This guide explains how DC motor speed control works using easy, descriptive explanations. You’ll learn how changing voltage affects the motor, how an H-bridge reverses direction, and why PWM is the most useful technique for beginners.
What a DC motor actually does
A DC motor is a small machine that takes electrical energy from a battery or power supply and turns it into spinning movement. Inside the casing are magnets and coils that interact to create rotation. When you apply power, the motor begins to spin, and this spinning can drive wheels, fans, or gears.
Two ideas shape how the motor behaves: speed and torque. Speed is simply how fast the shaft turns, while torque is the twisting force the motor produces. As you place a heavier load on the motor, it slows down because it needs to push harder. This natural trade-off between speed and torque is central to understanding how to control a motor properly.
Why voltage changes the speed
Voltage acts like the strength of the push driving the motor. When you increase the voltage, you give the motor more electrical energy to convert into motion. This lets it spin faster and produce more torque at low speeds. When you reduce the voltage, the push weakens, and the motor slows down.
If you graphed the motor’s behaviour, higher voltage would lift the entire speed-torque curve upward, showing that the motor can reach higher top speeds and deliver more starting force. This simple relationship is the foundation of DC motor speed control: adjust the voltage, and you adjust the speed.
How we control the voltage the motor sees
In practical circuits, we rarely change the main battery voltage. Instead, we control how much of that voltage reaches the motor. One option is to place a resistor or a transistor in series with the motor to reduce voltage, but this wastes energy as heat and makes the controller run hot.

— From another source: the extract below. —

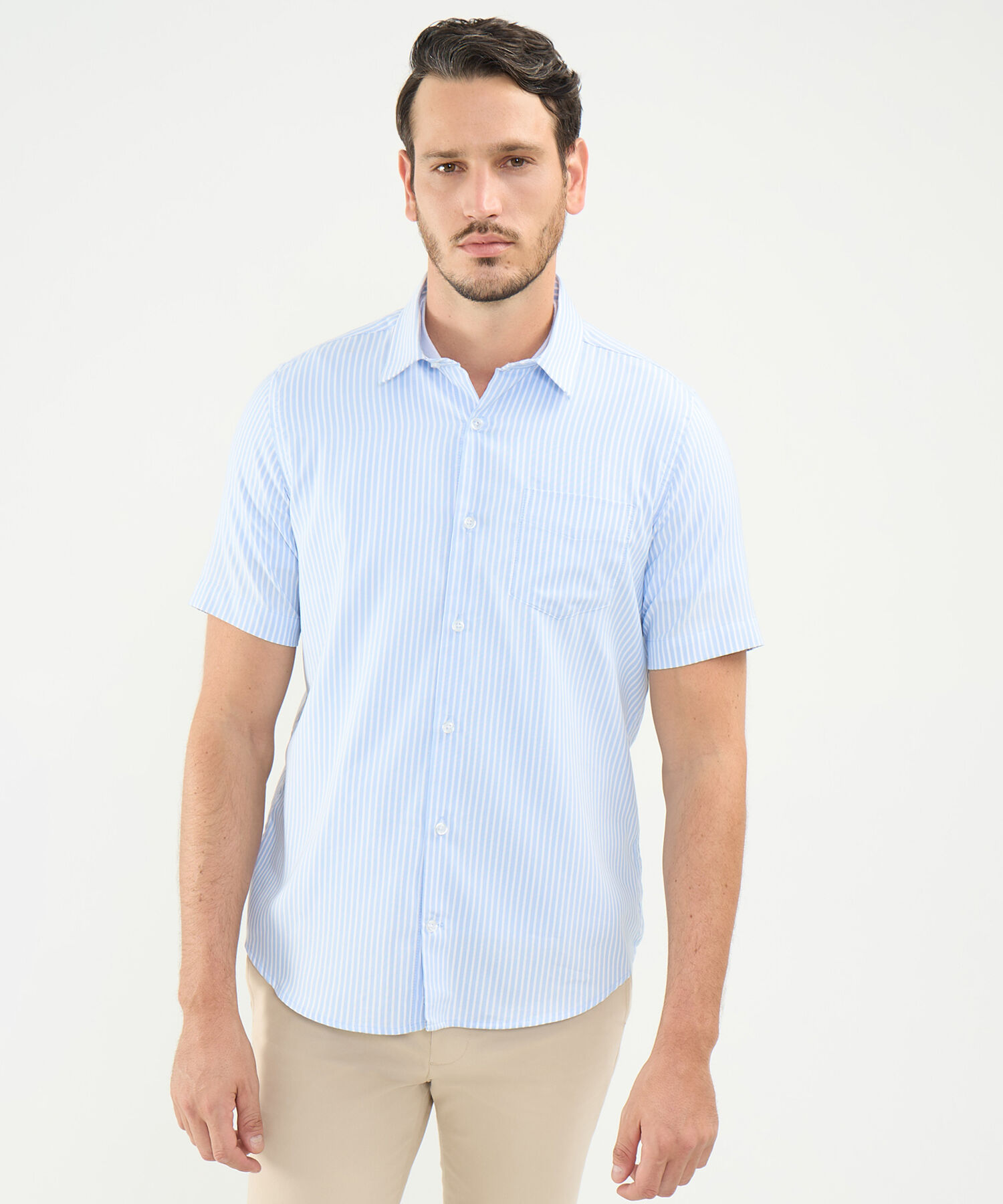 Camisa con Bolsillo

Modern motor drivers use a much smarter method called Pulse Width Modulation, or PWM. Instead of lowering the voltage, PWM rapidly switches the full voltage on and off. The motor does not respond to each tiny pulse—it reacts to the average effect. By controlling how long each pulse stays on compared to how long it stays off, we can make the motor feel as if it’s receiving any voltage between zero and the supply maximum.
Understanding PWM through a simple picture
PWM is easier to imagine if you think of a tap filling a bucket. If you leave the tap open for long periods and close it briefly, the bucket fills quickly overall. If you open the tap only in short bursts and keep it closed most of the time, the bucket fills slowly. The total flow depends on the balance between ON time and OFF time.
The motor works the same way. A high PWM duty cycle gives the motor long ON pulses, so it behaves as if it is receiving a strong voltage. A low duty cycle gives short ON pulses, so the motor behaves as if the voltage is lower. This makes PWM incredibly efficient and allows very smooth control over motor speed.
Keeping the speed steady with feedback
If you simply apply a PWM value and leave it unchanged, the motor speed will rise or fall depending on the load. For a robot, this means it might speed up on smooth flooring and slow down on carpet or slopes. Open-loop control like this is simple but not always stable.
Closed-loop control adds a speed sensor to the motor, such as a Hall sensor or an encoder. This sensor produces signals that tell the controller exactly how fast the motor is spinning. The controller compares the actual speed to the desired speed. If the motor drifts too slow, the controller increases the PWM duty cycle. If it drifts too fast, the controller reduces it. This constant adjustment keeps the motor at a stable speed even as the load changes.
How direction control works with an H-bridge
A DC motor reverses direction when the polarity of the voltage across its terminals is reversed. If you swap the wires on the battery, the motor spins the opposite way. Physically swapping wires every time is not practical in electronics, so we use an H-bridge to do this automatically.
An H-bridge is a circuit made of four electronic switches arranged in the shape of the letter “H”. The motor sits in the middle. By turning on one diagonal pair of switches, current flows one way through the motor. By turning on the opposite diagonal pair, the current flows in the opposite direction. This lets you reverse direction instantly and safely using digital signals instead of moving wires by hand.
Combining speed and direction control
Most motor driver boards for beginners include both an H-bridge and a PWM input. The H-bridge decides which direction the current flows, and therefore which way the motor turns. The PWM input decides how fast the motor spins by controlling the effective voltage. Together, these two systems give you complete control.
Your microcontroller sets direction pins to choose forward or reverse. It then sends a PWM signal to the speed input. The motor driver manages the heavy switching work internally, protecting your microcontroller and ensuring the motor receives the correct power. This setup is used in everything from small robots to remote-controlled cars and consumer devices.
You can see a practical example of using PWM control using a Raspberry Pi Pico here.
The essential idea to remember
DC motor speed control becomes simple when you understand the core principles. Speed depends on the voltage the motor receives. PWM is the efficient method used to adjust that effective voltage. An H-bridge gives you control over direction by changing the polarity electronically. Together, these tools make DC motors flexible, responsive, and easy to use in beginner projects.